Once you find a line containing the word "Suites" in the entries below, copy it.
---------- Data supplied ----------
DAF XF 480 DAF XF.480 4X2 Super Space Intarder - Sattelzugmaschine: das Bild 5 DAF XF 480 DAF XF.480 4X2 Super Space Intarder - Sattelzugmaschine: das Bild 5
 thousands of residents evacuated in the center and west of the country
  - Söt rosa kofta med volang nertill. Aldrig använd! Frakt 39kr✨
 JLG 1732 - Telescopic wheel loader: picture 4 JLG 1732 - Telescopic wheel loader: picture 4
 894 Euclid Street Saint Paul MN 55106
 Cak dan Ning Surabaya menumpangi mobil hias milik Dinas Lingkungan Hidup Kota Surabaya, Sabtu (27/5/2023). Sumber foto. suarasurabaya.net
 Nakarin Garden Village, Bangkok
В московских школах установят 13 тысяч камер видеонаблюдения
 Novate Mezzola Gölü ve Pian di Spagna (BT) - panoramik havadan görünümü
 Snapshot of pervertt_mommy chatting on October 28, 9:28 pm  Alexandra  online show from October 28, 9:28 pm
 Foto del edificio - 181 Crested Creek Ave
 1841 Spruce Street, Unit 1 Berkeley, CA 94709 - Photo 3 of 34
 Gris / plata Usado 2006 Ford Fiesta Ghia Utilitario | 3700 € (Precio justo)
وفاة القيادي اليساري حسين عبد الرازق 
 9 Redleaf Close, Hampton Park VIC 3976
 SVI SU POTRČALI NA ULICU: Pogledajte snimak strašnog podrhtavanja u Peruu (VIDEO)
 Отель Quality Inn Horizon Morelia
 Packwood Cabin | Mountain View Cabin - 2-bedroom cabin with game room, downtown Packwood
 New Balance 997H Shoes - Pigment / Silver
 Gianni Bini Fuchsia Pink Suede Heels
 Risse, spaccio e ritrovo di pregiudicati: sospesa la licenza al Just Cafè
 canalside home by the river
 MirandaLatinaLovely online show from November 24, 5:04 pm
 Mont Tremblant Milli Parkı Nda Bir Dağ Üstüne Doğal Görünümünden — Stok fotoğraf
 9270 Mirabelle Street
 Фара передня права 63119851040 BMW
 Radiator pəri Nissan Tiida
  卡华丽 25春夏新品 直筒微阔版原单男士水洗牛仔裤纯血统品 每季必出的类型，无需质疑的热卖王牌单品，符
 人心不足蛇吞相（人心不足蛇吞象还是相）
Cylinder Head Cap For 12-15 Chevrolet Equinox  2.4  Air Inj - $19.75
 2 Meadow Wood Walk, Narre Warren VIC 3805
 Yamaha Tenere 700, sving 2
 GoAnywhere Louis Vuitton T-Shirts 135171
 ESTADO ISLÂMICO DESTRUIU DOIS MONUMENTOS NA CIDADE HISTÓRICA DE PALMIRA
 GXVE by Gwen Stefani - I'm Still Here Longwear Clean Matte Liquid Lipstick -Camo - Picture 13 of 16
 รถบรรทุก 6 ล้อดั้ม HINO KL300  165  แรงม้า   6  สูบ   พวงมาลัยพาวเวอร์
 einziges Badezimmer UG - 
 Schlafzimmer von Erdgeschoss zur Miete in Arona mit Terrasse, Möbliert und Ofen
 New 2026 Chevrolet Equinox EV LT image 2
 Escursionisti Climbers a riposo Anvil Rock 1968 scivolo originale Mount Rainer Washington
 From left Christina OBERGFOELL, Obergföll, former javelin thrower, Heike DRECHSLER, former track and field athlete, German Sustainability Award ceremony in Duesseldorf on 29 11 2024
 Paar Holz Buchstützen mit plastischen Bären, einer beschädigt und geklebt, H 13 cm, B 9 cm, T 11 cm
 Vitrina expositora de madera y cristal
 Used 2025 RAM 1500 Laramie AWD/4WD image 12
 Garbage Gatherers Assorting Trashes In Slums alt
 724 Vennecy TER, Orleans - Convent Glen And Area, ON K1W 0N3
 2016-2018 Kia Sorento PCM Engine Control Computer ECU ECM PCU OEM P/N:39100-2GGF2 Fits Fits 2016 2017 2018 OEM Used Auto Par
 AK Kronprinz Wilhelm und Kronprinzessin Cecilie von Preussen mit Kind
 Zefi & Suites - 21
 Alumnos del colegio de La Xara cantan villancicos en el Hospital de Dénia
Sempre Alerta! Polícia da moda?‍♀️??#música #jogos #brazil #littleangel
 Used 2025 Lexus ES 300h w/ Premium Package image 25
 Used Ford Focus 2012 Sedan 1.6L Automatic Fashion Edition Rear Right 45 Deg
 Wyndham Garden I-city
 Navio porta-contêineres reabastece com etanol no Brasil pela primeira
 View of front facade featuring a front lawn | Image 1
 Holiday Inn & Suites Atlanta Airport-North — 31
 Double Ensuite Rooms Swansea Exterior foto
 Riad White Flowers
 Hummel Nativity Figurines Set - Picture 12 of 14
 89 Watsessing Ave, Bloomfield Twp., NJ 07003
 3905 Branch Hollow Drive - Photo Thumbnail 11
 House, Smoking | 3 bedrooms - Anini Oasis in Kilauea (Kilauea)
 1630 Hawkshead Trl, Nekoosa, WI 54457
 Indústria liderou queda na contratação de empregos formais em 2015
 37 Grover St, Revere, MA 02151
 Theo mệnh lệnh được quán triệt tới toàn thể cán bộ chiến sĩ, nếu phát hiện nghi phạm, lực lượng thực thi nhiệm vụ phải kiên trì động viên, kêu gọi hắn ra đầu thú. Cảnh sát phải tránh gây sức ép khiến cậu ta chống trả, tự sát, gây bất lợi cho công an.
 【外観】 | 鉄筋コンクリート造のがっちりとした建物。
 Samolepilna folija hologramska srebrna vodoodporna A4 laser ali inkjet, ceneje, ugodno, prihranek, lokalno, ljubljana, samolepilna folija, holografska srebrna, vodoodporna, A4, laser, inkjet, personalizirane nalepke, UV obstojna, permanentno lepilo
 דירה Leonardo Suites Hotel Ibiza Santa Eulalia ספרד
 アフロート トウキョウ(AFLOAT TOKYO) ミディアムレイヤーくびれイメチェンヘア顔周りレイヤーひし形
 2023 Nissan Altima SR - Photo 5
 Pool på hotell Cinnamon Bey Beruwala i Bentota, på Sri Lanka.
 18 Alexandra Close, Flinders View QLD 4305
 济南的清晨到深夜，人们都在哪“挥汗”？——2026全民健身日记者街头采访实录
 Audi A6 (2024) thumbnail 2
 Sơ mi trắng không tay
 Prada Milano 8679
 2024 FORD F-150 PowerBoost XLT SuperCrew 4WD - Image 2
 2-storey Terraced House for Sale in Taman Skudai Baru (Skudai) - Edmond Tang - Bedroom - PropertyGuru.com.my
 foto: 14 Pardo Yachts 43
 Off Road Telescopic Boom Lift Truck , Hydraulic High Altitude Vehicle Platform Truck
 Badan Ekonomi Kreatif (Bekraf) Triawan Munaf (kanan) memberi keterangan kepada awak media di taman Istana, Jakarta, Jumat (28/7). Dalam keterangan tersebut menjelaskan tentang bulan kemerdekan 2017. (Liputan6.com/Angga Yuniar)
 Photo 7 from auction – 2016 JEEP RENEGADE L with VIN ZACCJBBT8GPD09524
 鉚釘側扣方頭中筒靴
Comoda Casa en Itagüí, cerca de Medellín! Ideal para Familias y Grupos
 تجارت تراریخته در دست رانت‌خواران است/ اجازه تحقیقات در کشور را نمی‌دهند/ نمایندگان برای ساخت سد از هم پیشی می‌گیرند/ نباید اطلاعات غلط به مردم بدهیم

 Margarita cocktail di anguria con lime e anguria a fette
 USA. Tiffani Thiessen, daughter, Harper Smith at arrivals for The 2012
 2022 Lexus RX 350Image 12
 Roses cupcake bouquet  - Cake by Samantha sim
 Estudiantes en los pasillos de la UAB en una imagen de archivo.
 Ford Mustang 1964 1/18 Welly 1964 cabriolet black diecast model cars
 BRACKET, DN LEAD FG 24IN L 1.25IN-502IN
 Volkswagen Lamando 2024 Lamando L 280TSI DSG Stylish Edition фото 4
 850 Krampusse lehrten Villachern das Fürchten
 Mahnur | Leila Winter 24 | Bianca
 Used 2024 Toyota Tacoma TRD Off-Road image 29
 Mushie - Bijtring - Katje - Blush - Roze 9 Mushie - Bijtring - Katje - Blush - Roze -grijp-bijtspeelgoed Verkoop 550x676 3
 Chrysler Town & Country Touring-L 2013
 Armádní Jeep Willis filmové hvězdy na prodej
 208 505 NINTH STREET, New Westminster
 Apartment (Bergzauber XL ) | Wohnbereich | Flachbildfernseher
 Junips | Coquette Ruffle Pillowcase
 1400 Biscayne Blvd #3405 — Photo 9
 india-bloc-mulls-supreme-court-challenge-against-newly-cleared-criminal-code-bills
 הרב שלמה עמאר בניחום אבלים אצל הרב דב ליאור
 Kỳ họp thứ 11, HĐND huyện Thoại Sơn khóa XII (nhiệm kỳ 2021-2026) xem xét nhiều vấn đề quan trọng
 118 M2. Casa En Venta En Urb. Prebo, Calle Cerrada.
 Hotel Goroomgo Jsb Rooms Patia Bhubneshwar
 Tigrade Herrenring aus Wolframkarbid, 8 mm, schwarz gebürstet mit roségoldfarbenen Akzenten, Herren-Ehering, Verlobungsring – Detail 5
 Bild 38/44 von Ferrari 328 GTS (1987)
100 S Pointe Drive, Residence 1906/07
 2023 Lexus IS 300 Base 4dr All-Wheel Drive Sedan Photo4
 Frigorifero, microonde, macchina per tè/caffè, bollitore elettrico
----------
Written reply
 Zefi & Suites - 21
 Holiday Inn & Suites Atlanta Airport-North — 31
 דירה Leonardo Suites Hotel Ibiza Santa Eulalia ספרד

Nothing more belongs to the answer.